* What you will do: These records contain pictures, which must be left out; copy exactly the lines from the one with "Load image into" up to and including the one with "Raumschiff Starship von SpaceX absolviert Testflug Raumschiff".

Source data:
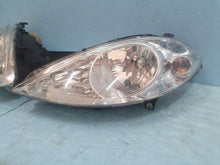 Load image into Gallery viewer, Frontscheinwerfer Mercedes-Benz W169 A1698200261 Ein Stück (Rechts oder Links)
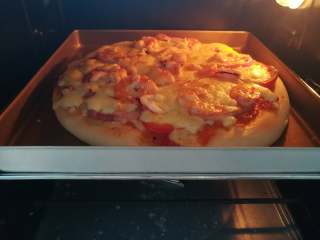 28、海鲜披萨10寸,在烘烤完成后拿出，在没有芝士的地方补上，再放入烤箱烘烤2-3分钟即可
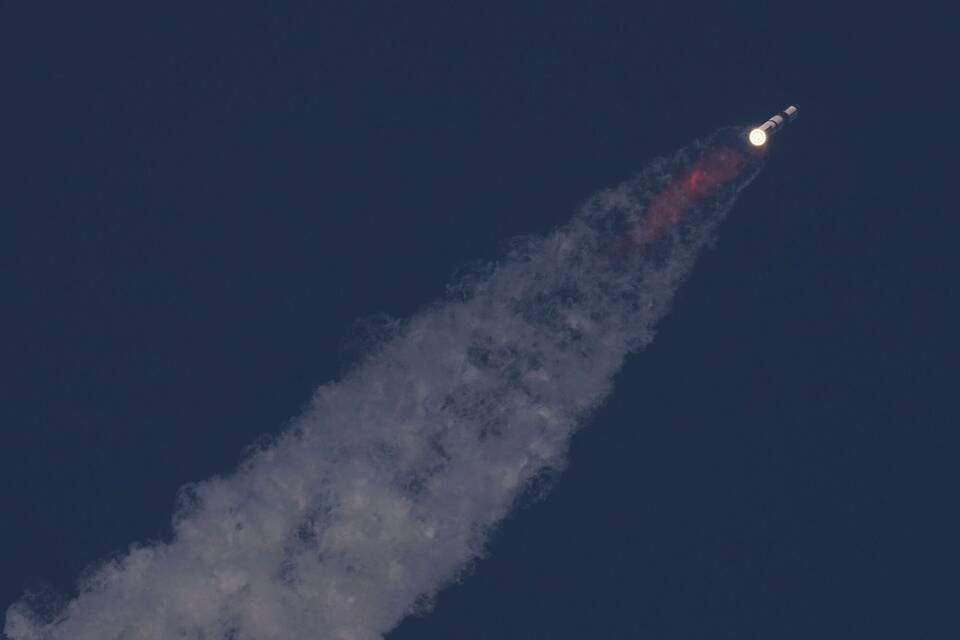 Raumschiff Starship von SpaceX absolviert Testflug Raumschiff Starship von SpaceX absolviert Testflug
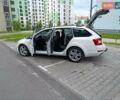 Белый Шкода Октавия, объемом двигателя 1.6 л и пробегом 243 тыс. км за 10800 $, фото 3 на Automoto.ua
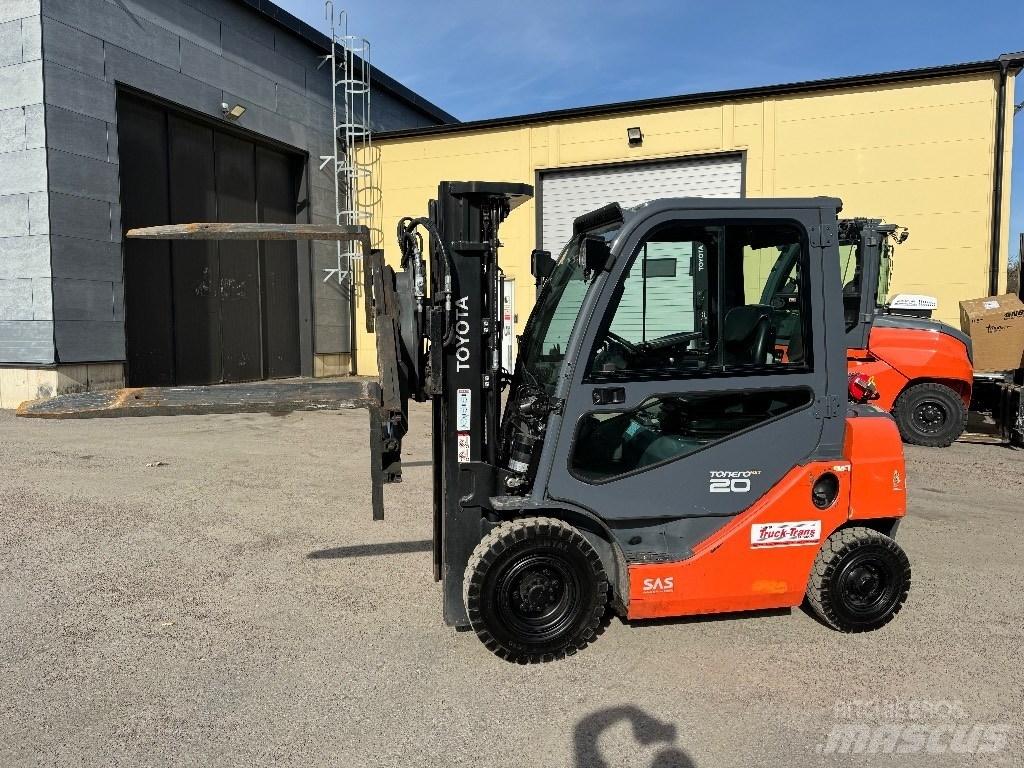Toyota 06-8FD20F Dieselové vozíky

...

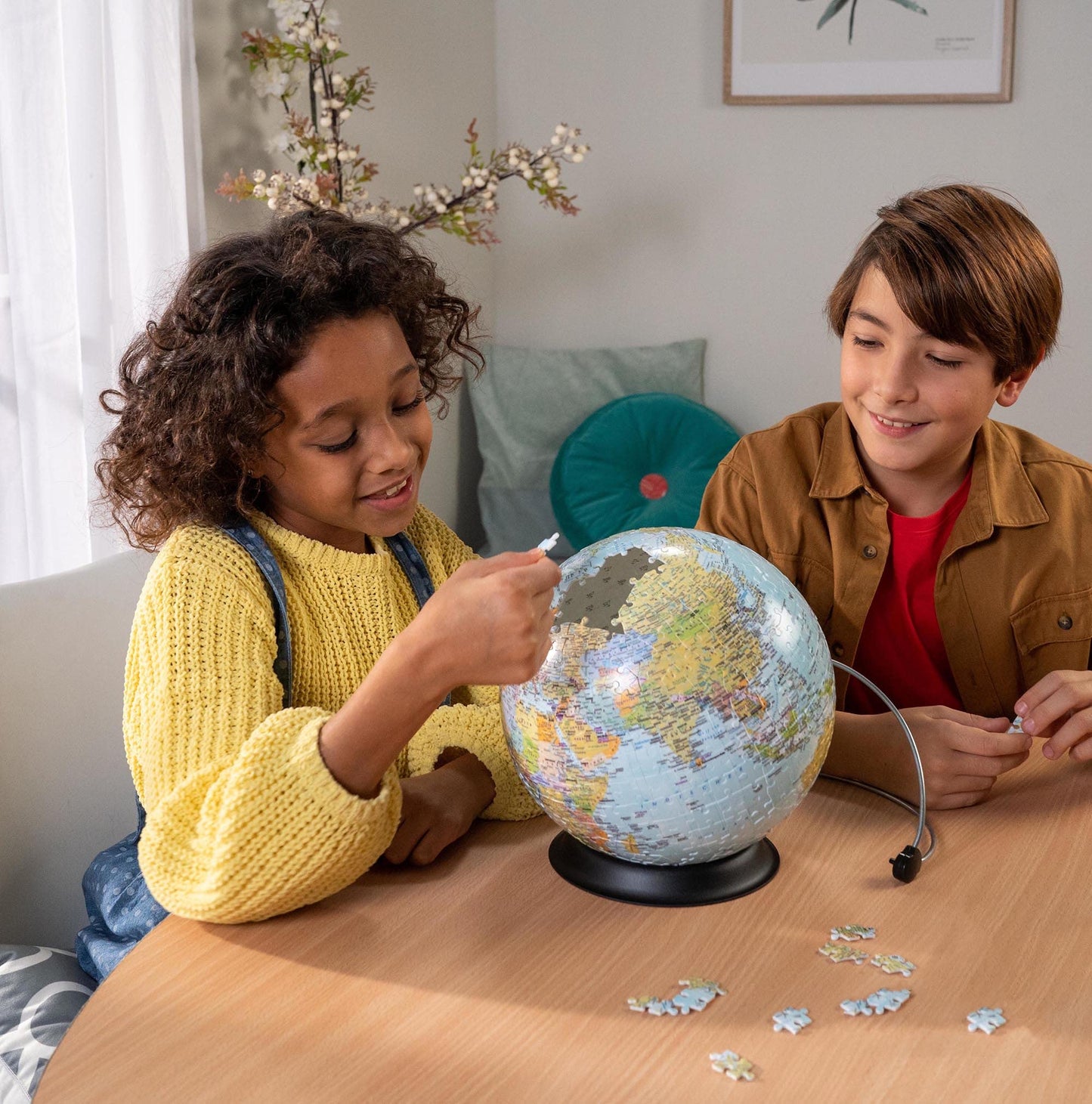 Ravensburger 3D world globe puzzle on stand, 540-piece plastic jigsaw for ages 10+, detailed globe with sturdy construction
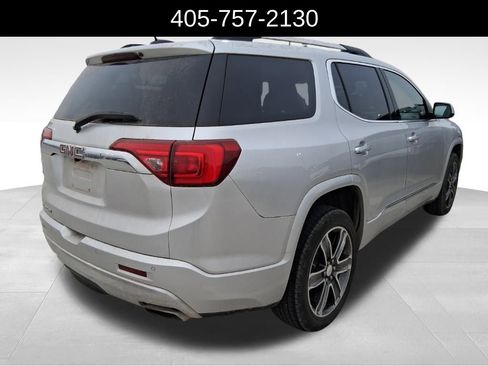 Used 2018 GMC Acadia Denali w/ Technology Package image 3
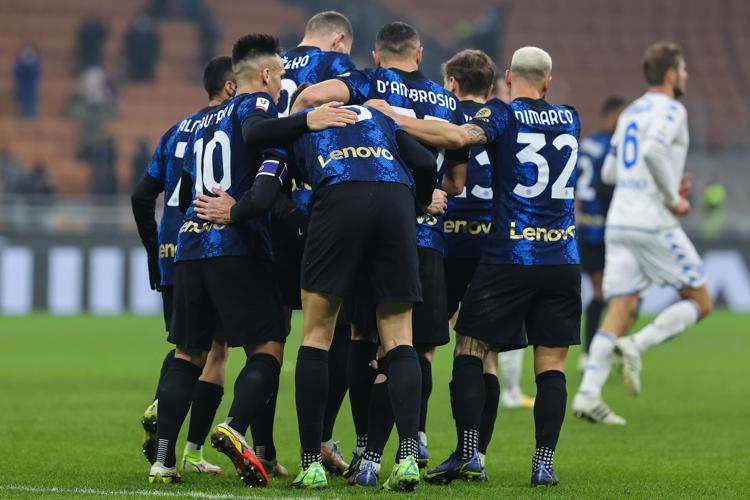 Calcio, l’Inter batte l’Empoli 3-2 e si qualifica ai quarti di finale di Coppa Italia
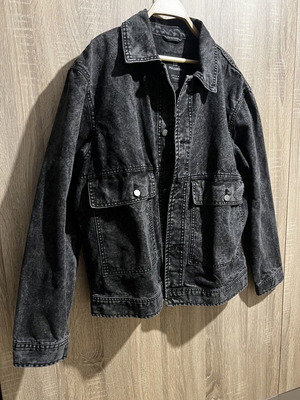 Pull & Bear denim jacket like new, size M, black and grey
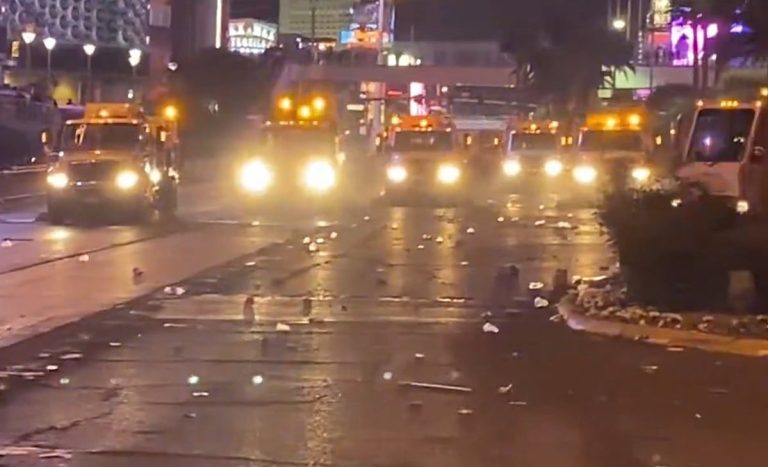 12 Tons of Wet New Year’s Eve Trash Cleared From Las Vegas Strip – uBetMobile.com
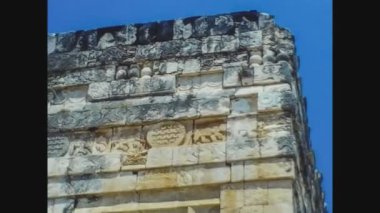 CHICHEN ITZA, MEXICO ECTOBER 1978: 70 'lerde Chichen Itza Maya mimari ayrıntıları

* Solution below:
 Load image into Gallery viewer, Frontscheinwerfer Mercedes-Benz W169 A1698200261 Ein Stück (Rechts oder Links)
 28、海鲜披萨10寸,在烘烤完成后拿出，在没有芝士的地方补上，再放入烤箱烘烤2-3分钟即可
 Raumschiff Starship von SpaceX absolviert Testflug Raumschiff Starship von SpaceX absolviert Testflug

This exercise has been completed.